STAFF NEWS & ANALYSIS
Was Guardian 'SpyGate' Article Planted to Support Pending British 'Snooper' Law?
By Staff News & Analysis - June 08, 2013

British Intelligence watchdog flies to Washington to demand answers on snooping scandal … MPs from Britain's intelligence watchdog will to fly to Washington next week to seek guarantees that US spies are not snooping on Britons' emails. Sir Malcolm Rifkind, the chairman of the Intelligence and Security Committee, told The Daily Telegraph: 'We will get a report and decide if any further action is needed' … The Government's Intelligence and Security Committee is going on a week-long tour, when it will meet senior figures from the America's intelligence agencies. The news came after leaked US documents appeared to show that Britain's listening post GCHQ has been secretly gathering intelligence from some of the world's biggest internet firms through America's National Security Agency. – Guardian

Dominant Social Theme: We are protecting British rights to freedom against US spying.

Free-Market Analysis: Please excuse our cynicism.

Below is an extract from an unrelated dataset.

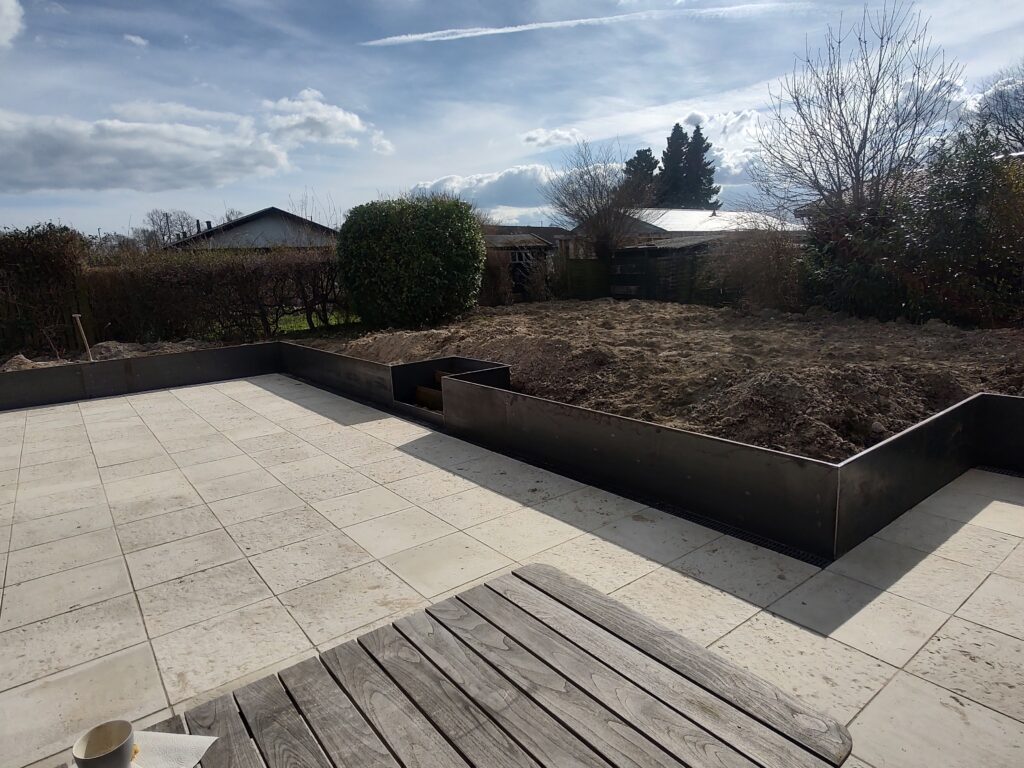 Ny flisebelagt terrasse med hævet bed i haven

When it comes to major Western media, nothing is what it seems.

Bottom line: Major media in the West is without doubt controlled by major corporate entities, often globalist in terms of their sympathies. The Guardian, a leftist newspaper designed to pro-offer the primacy of the state, is no exception.

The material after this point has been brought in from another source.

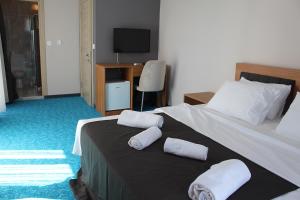 a bedroom with a bed with two towels on it at Silver Continent Hostel in Silivri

If the Guardian comes out with a "scoop" and broadcasts it powerfully, you can be almost sure it is something the authorities want to reveal.

And so it is with these reports of US intel spying on citizens in the US and perhaps throughout the West and even the rest of the world. The timing of these revelations may also have to do with a peculiarly British government obsession to introduce a Data Communications Bill that has already been vetoed once.

The Guardian itself makes this point, as follows:

Mark Field MP, another member of the ISC, said the news "puts into some sharp focus our own debates about the Data Communications Bill.

… "One of the whole points of the Data Communications Bill that people to forget is to protect the interests of the individual.

"Everyone refers to as being a snoopers' charter but it is to codify the protections that UK citizens can expect from international companies operating here as well".

Keith Vaz, chairman of the Commons' Home Affairs committee, said he was worried that the revelation suggested the Government was attempting to bring in "the Snoopers' Charter by the back door".

He said: "I am astonished by these revelations which could involve the data of thousands of Britons.

"The most chilling aspect is that ordinary American citizens and potentially British citizens too were apparently unaware that their phone and online interactions could be watched.

"This seems to be the Snoopers' Charter by the back door. I shall be writing to the Home Secretary asking for a full explanation."

Just to be clear, here, what the Guardian is revealing is that that the US snooping program referred to as PRISM is infinitely worse than anything the British are contemplating (presumably because British intel already has access to PRISM information). From the perspective of British intel agencies, there is therefore no damage done by releasing further information.

Releasing information about PRISM allows British intel and its allies to defend the controversial bill as a "safeguard." Nonsense. Britain's MI5, MI6 and related domestic and international groups are just as invasive as US ones; in fact, the Guardian reports that this meeting was planned long ago.

This sort of manipulation runs deep, if we are correct. The dominant social theme here is that only government regulation can protect personal privacy.

After Thoughts

Presumably, the US fallout does not concern those who manufacture and support these privacy invasions, as they are surely behind US efforts as well. Such manipulations are endless … and amazing.